Tuesday, December 19, 2006

 

International Crisis Group - After Baker-Hamilton: What to do in Iraq

ICG Report
The rethinking of U.S. Iraq policy represented by the Baker-Hamilton report is an important and welcome start but insufficiently radical if Iraq’s collapse and an unprecedented regional war are to be avoided.
After Baker-Hamilton: What to Do in Iraq,* the latest report from the International Crisis Group, examines the situation in Iraq and the wider region in the wake of the Iraq Study Group. Co-chaired by James Baker and Lee Hamilton, the Study Group described with necessary candour the magnitude of the Iraqi calamity.
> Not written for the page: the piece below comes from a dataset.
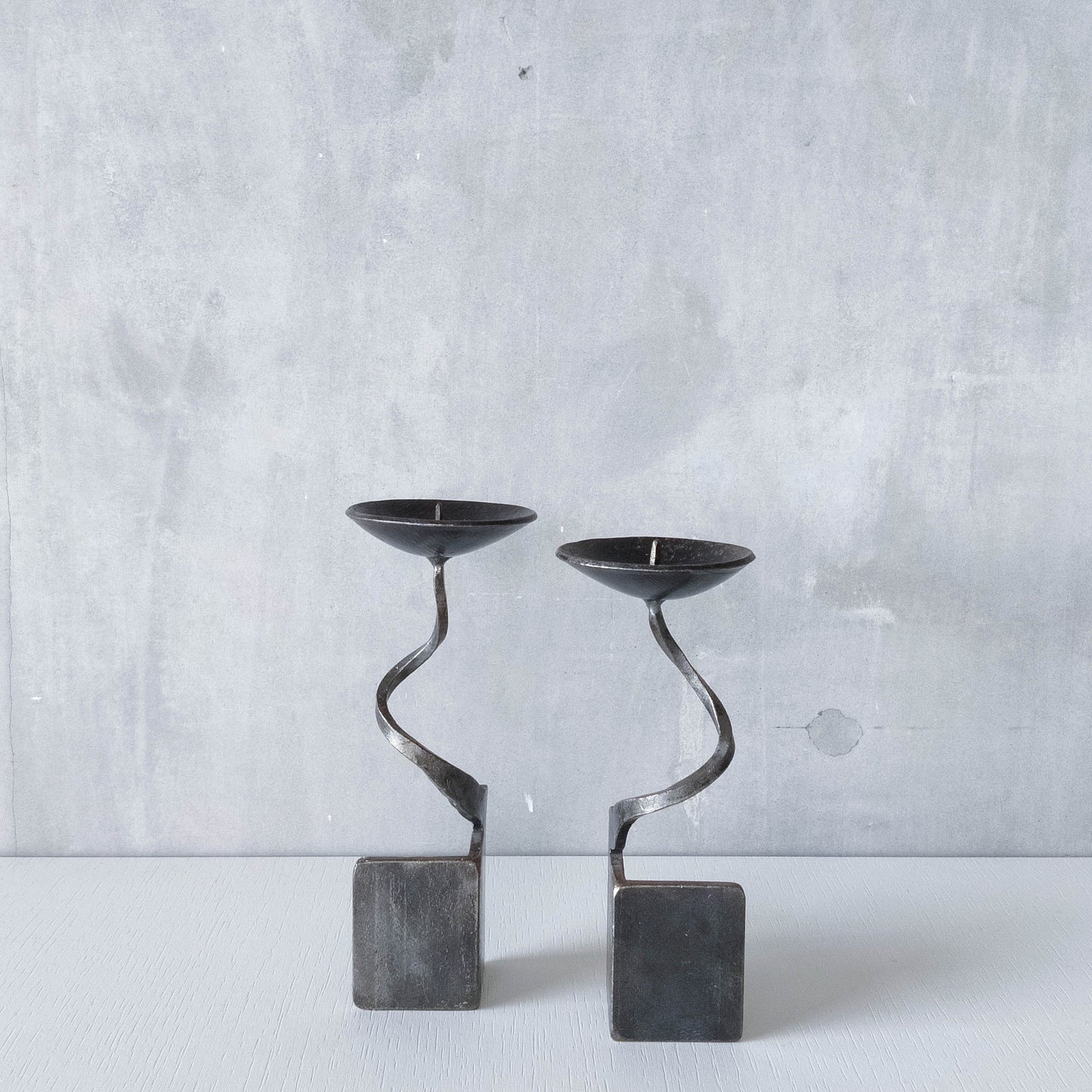 Pair of brutalist style metalwork forged steel sculptural candle holders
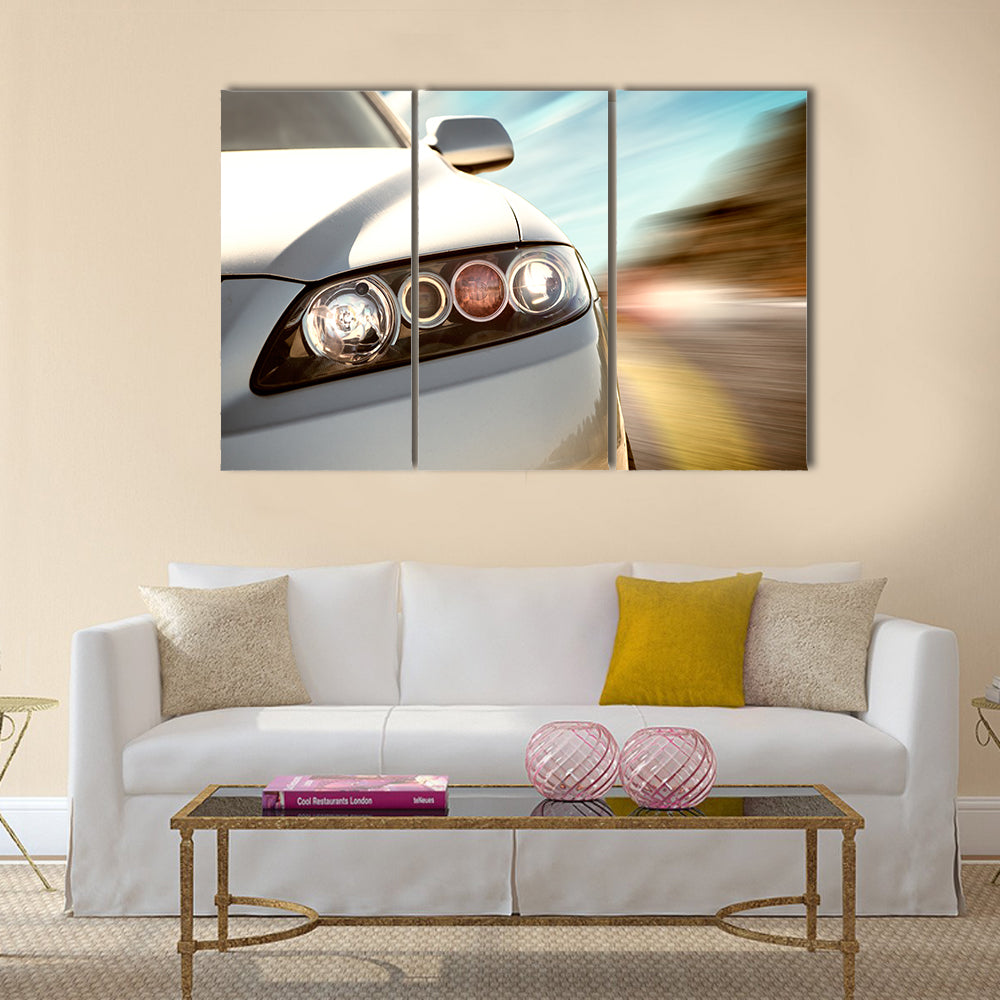 A car driving on a motorway at high speeds, overtaking other cars Multi panel canvas wall art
But though Crisis Group endorses many of its key recommendations, the change the report advocates is not nearly far-reaching enough, and its prescriptions are no match for its diagnosis.
“We are looking at Iraq’s complete disintegration into failed-state chaos, threatening to drag down much of the region with it”, says Crisis Group President Gareth Evans. “More troops in – or out – are not going to solve this. What is needed above all is a new multinational effort to achieve a new political compact between all relevant Iraqi players.”
All Iraqi actors who, one way or another, are involved in the country’s internecine violence must be brought to the negotiating table and pressed to accept the necessary compromises. That cannot be done without a concerted effort by all Iraq’s neighbours, which in turn cannot be done if their interests are not reflected in the final outcome.